[Opening Records shown section]

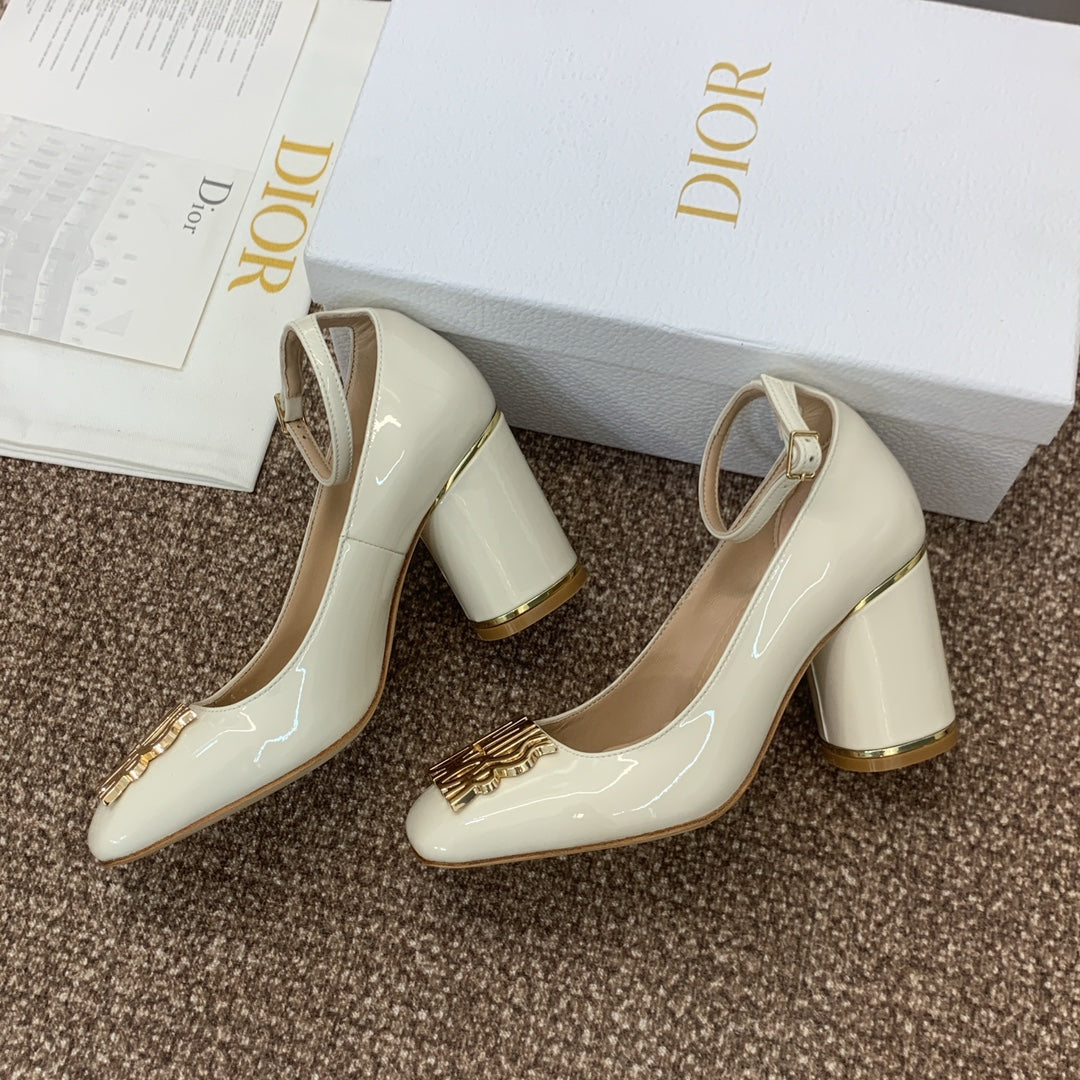 CD Miss Dior Pump 85mm Glossy White Cowhide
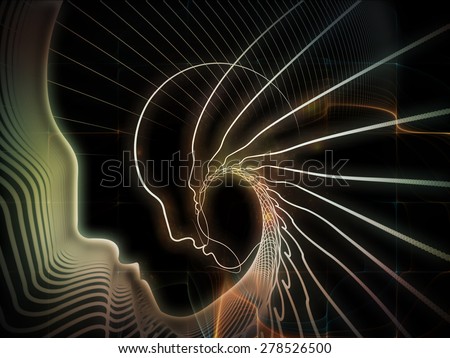 Geometry of Soul series. Interplay of profile lines of human head on the subject of education, science, technology and graphic design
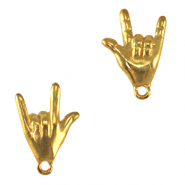Metall Anhänger DQ "I love you" Gold (Nickelfrei)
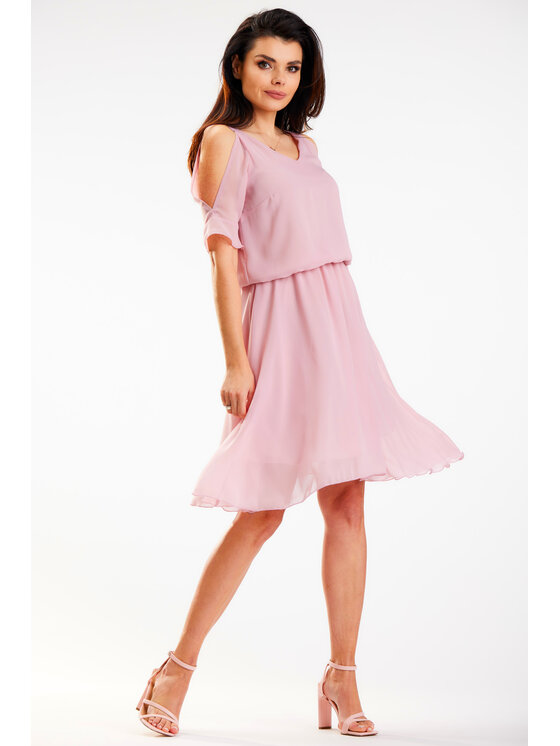 Awama Awama Sukienka letnia A572 Różowy Basic Fit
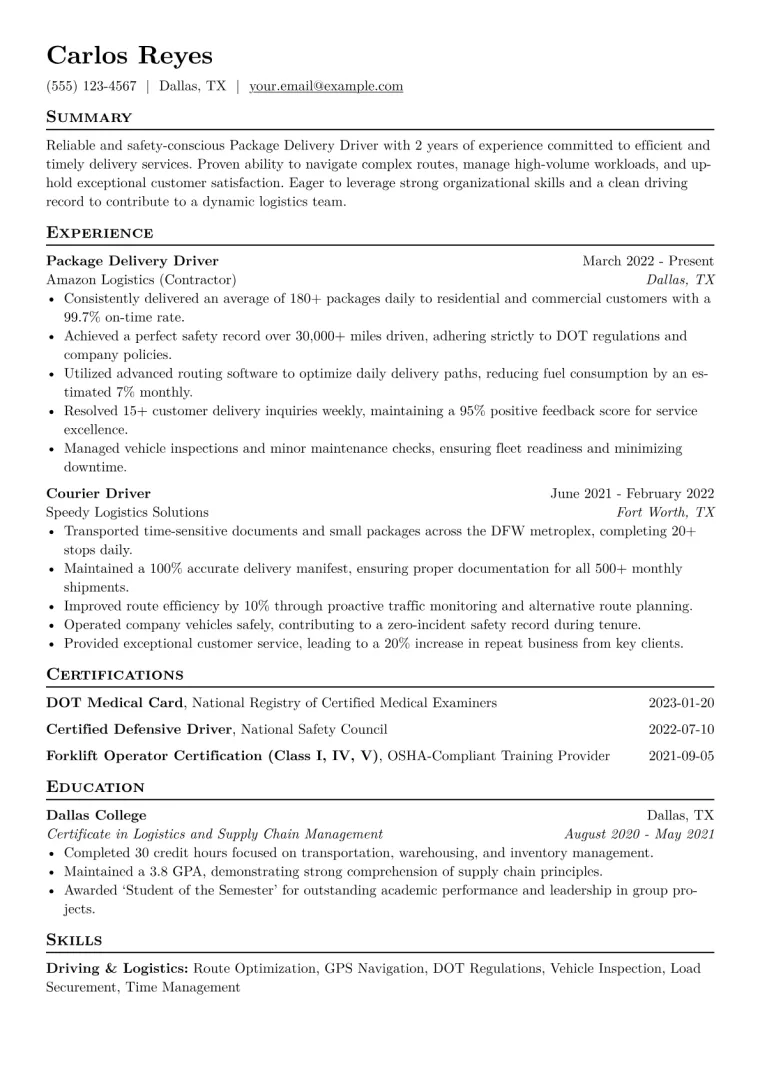 Package Delivery Driver Resume Example CV template preview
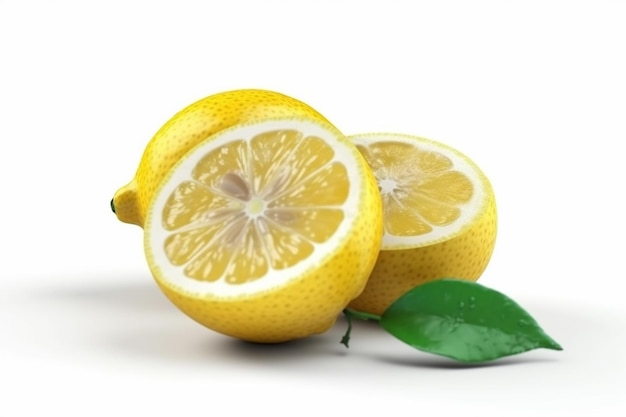 A lemon with a leaf on it is on a white background.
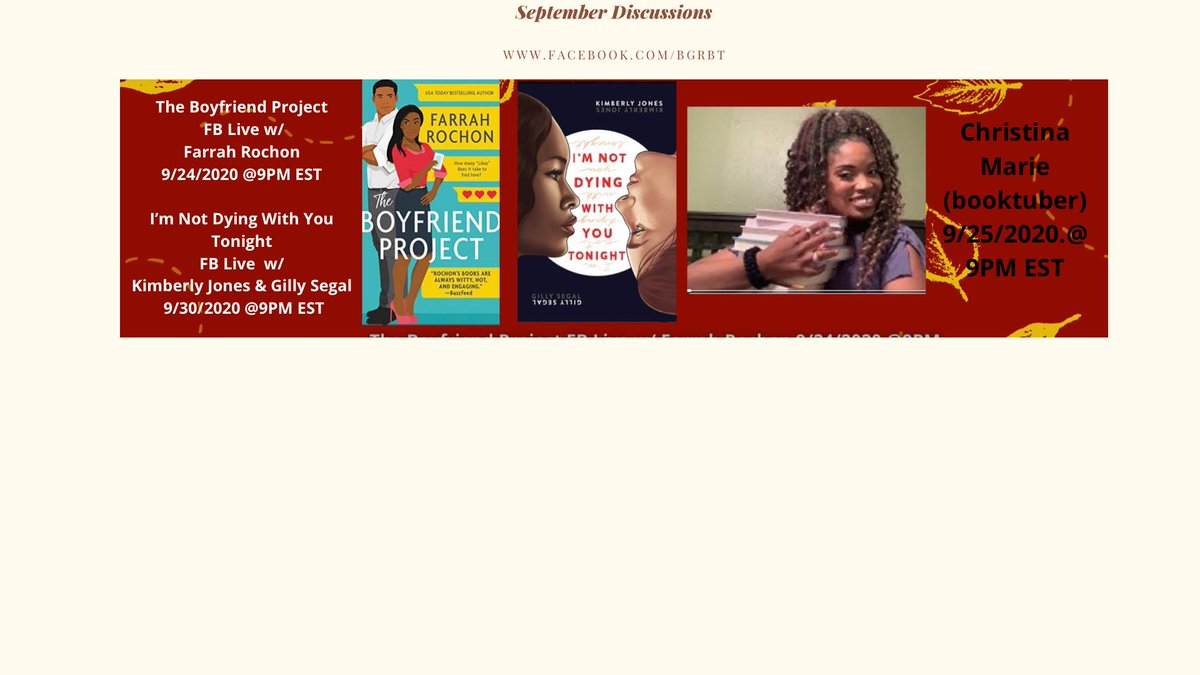 September FB Live Discussions <a href="/FarrahRochon/">Farrah Rochon</a> @KimberlyLatriceJones @GillySegal <a href="/LCMarie19/">Christina Marie, M.Ed.</a> @KeLlynycbx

[Closing Records shown section]

» Problem description
Reproduce all of the data exactly; the pictures do not belong in the copy.

» Your solution
 CD Miss Dior Pump 85mm Glossy White Cowhide
 Geometry of Soul series. Interplay of profile lines of human head on the subject of education, science, technology and graphic design
Metall Anhänger DQ "I love you" Gold (Nickelfrei)
 Awama Awama Sukienka letnia A572 Różowy Basic Fit
 Package Delivery Driver Resume Example CV template preview
 A lemon with a leaf on it is on a white background.
 September FB Live Discussions <a href="/FarrahRochon/">Farrah Rochon</a> @KimberlyLatriceJones @GillySegal <a href="/LCMarie19/">Christina Marie, M.Ed.</a> @KeLlynycbx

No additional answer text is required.